Wie nach dem Ersten Weltkrieg war die Hoffnungsphase von äusserst kurzer Dauer. Der Leistungsausweis der Schweizerinnen im Krieg wurde von den Männern nicht durch mehr Rechte honoriert. Nach dem Krieg «zog sich die Frau wieder zurück, still und genau so tapfer», konstatierte Bundesrat Philipp Etter in seinem «Dank an die Schweizer Frau».75 Anders als in den umliegenden Ländern war in der Schweiz kein Bedarf, die politische Macht durch die Wiederherstellung der Demokratie und eine Erweiterung des «Stimmvolks» auf das weibliche Geschlecht symbolisch zu stabilisieren.76 Zudem blieb auch der Druck durch internationale Normen aus, verzichtete doch die Schweizer Regierung auf ein Beitrittsgesuch zur UNO. Ferner bildeten die Stimmrechtsbefürworterinnen unter den organisierten Frauen weiterhin nur eine Minderheit, wie der dritte schweizerische Frauenkongress 1946 demonstrierte, in dessen Schlussresolution das Wort «Frauenstimmrecht» nicht vorkam.77 Mit dem Beginn des Kalten Kriegs setzte international eine Normalisierung ein, die den politischen Status quo und die traditionelle Geschlechterordnung begünstigte. In der vom Krieg verschonten Nation Schweiz stärkte sich parallel dazu die konservative Variante der Geistigen Landesverteidigung. Dieses Sonderfalldenken schützte die Schweiz vor Lehren aus dem Ausland. So formulierte der Sprecher der freisinnigen Fraktion anlässlich der Beratung einer sozialdemokratischen Motion zur Einführung des Frauenstimmrechts im Solothurner Kantonsrat 1946: «Die Bewegung und die Bestrebungen zur Gleichstellung der Frau in öffentlichen Dingen gehen durch die ganze Welt. […] Wenn wir aber an diese Frage herantreten, sollten wir uns davor hüten, uns von aussen beeinflussen zu lassen.»78 Die Forderung nach Gleichberechtigung wollte in der Schweiz niemand hören.

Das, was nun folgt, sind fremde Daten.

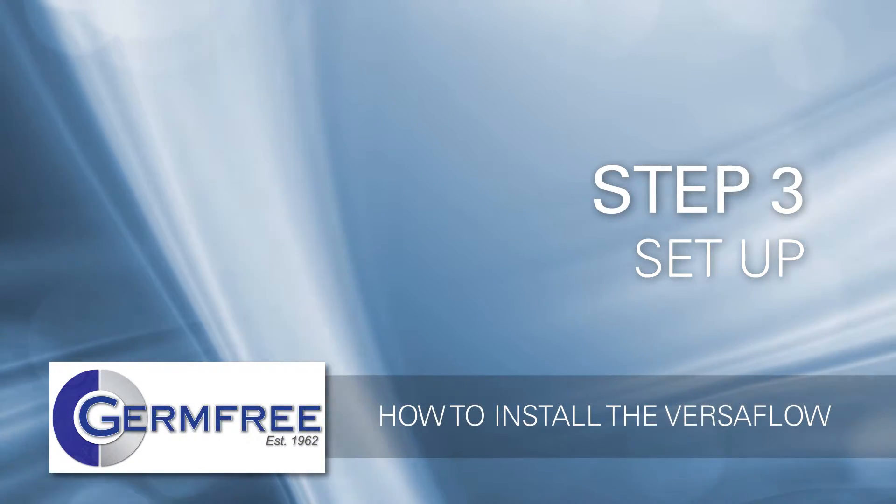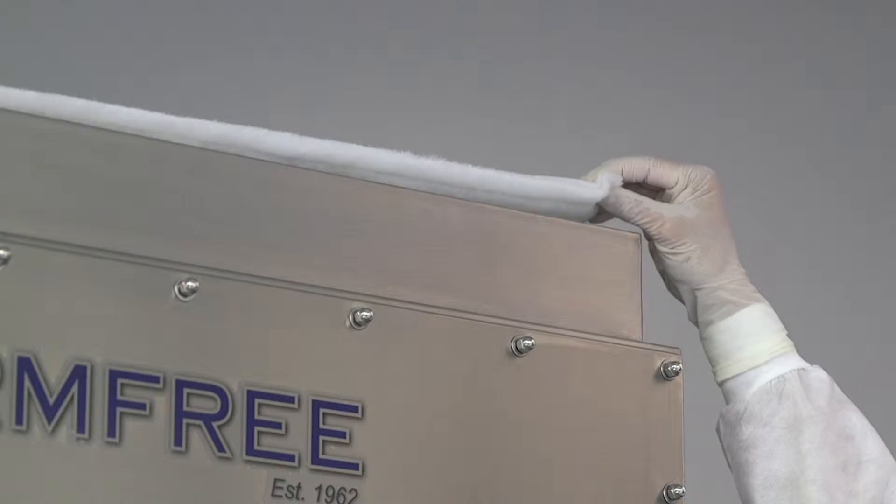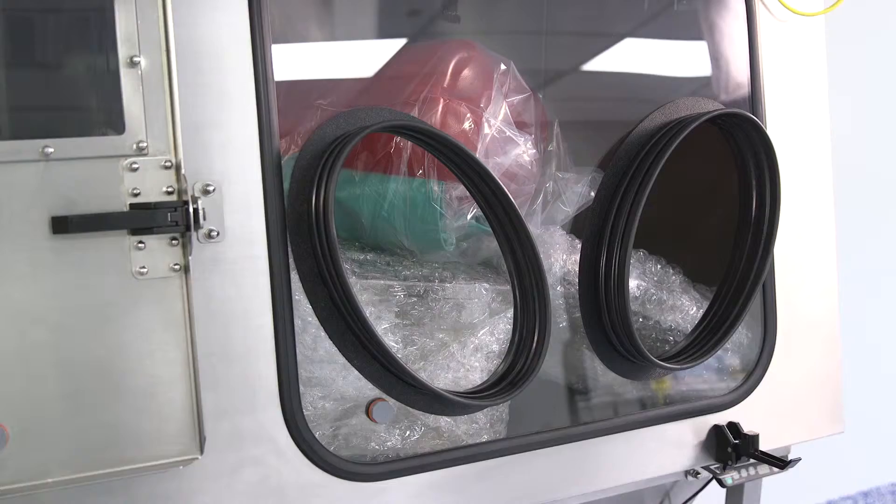Step 3: Set up the Versaflow. Put the pre-filter into its frame at the top of the unit. Part of your pre-filter may remain visible after it's set in place. This is normal.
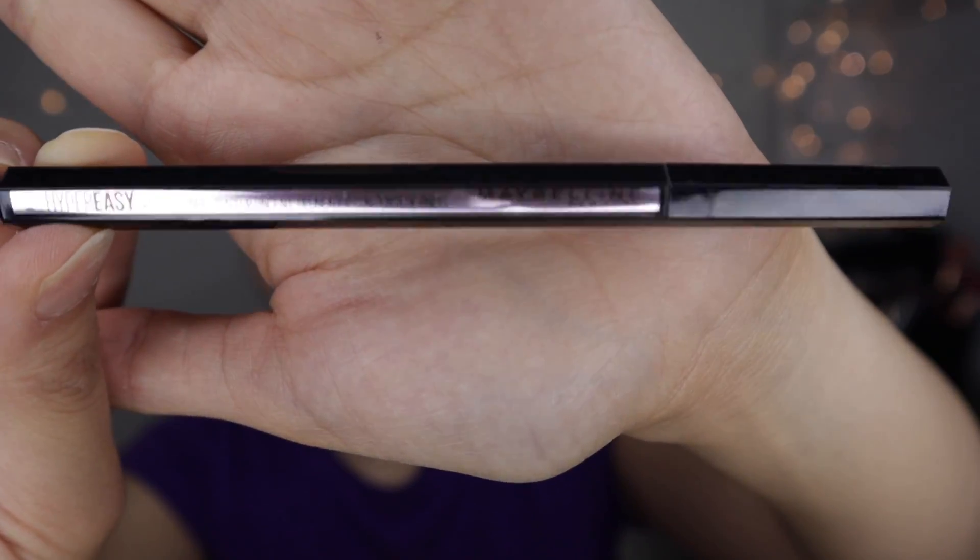This is how it looks. It says Maybelline liquid eyeliner goes hyper easy — liquid liner minus the skips, slips, gaps and struggle. It's an easy-to-use liquid eyeliner that delivers intense black eyeliner color that lasts for up to 24 hours. It's a waterproof formula. I don't know if it's gonna be a good day for my eyeliner today.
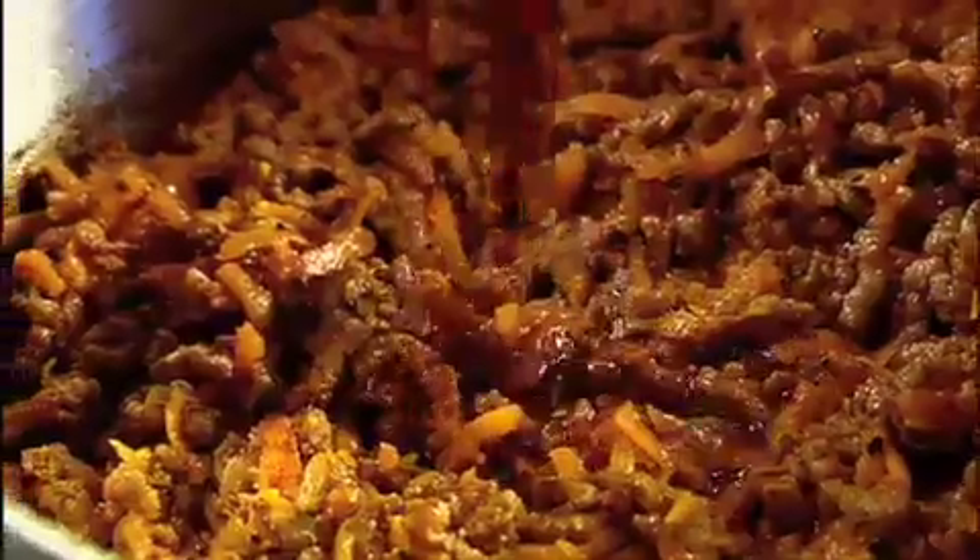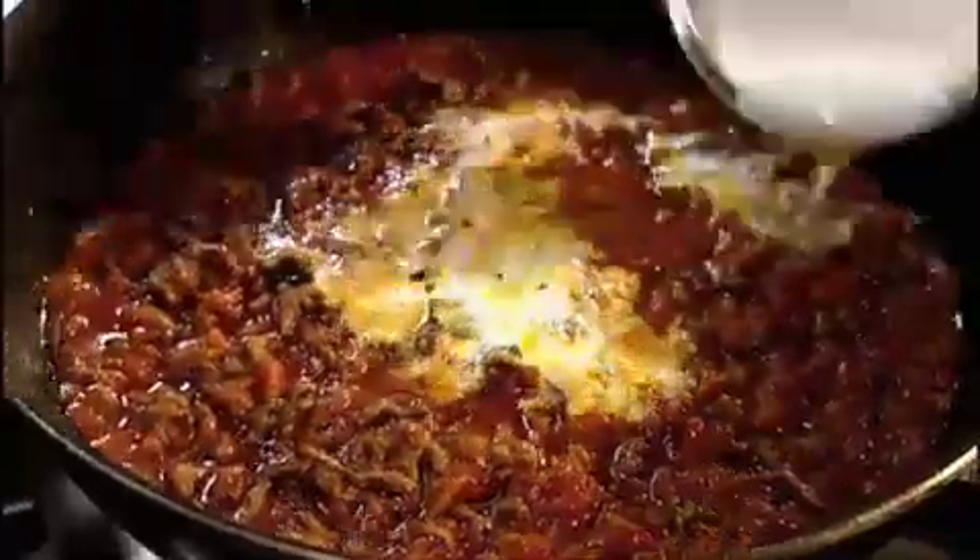Add the tomato puree, Worcester sauce, and a bay leaf. Pour in the red wine. Stir in chopped tomatoes and milk. Simmer, then set aside.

Das Beharren auf einer reinen Männerdemokratie zeigte sich in den folgenden Jahren in drei Abstimmungen, in denen es nur um die Gemeindeebene ging. Im Kanton Neuenburg betrug die Ablehnung 1948 mehr als zwei Drittel (67,2%). Im Kanton Waadt belief sie sich auf 60,8 Prozent, obschon es vor allem darum ging, den Gemeinden die Möglichkeit zur Gewährung des Frauenstimmrechts einzuräumen, und im Kanton Solothurn verweigerten die Stimmberechtigten mit 50,5 Prozent sogar ein Fakultativum für partielle Rechte – für ein eventuelles Stimmrecht im Schul-, Vormundschafts-, Gesundheits- und Armenwesen auf Gemeindeebene sowie in den Kirchgemeinden.79

Die langen 1950er-Jahre: die Suche nach Alternativtaktiken und der erste nationale Test

1950 gab es in Europa nur noch sieben Länder, die Frauen die politischen Rechte verwehrten: Griechenland, die Kleinstaaten Liechtenstein, Monaco, Andorra und San Marino sowie die Diktaturen Portugal und Spanien. Trotz der einsetzenden Hochkonjunktur war der Kampf für das Frauenstimmrecht in der Schweiz Ende der 1940er-Jahre festgefahren.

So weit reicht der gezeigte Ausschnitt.